- _Prompt_: Every line of the entries below that includes "Street" belongs in the answer, copied as written.

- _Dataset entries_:

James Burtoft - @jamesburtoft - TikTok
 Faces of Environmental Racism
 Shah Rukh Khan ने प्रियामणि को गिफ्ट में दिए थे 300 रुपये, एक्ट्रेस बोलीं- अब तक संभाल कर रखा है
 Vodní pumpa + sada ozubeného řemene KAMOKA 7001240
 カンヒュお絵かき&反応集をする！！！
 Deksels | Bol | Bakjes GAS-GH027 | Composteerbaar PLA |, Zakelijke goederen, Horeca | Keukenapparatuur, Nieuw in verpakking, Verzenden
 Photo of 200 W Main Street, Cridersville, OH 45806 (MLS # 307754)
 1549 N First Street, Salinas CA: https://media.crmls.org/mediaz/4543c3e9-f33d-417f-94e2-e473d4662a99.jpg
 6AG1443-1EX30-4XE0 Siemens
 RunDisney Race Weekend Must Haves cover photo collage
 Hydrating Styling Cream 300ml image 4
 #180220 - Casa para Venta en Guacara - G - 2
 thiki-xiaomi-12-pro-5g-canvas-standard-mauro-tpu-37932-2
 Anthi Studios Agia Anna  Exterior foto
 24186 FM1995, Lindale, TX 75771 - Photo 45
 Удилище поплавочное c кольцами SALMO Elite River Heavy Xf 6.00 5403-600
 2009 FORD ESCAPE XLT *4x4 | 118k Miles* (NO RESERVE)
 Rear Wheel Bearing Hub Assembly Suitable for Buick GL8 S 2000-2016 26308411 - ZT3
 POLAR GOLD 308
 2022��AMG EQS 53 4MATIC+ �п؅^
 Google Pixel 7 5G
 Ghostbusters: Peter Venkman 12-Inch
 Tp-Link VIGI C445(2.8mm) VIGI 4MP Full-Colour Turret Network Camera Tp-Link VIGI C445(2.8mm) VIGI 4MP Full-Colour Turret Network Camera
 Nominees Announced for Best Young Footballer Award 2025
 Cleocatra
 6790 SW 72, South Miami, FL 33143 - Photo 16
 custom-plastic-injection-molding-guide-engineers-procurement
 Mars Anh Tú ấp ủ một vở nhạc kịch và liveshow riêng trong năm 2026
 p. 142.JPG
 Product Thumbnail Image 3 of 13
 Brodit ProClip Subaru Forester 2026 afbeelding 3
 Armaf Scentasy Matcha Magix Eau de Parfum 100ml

- _Output of the exercise_:
 Photo of 200 W Main Street, Cridersville, OH 45806 (MLS # 307754)
 1549 N First Street, Salinas CA: https://media.crmls.org/mediaz/4543c3e9-f33d-417f-94e2-e473d4662a99.jpg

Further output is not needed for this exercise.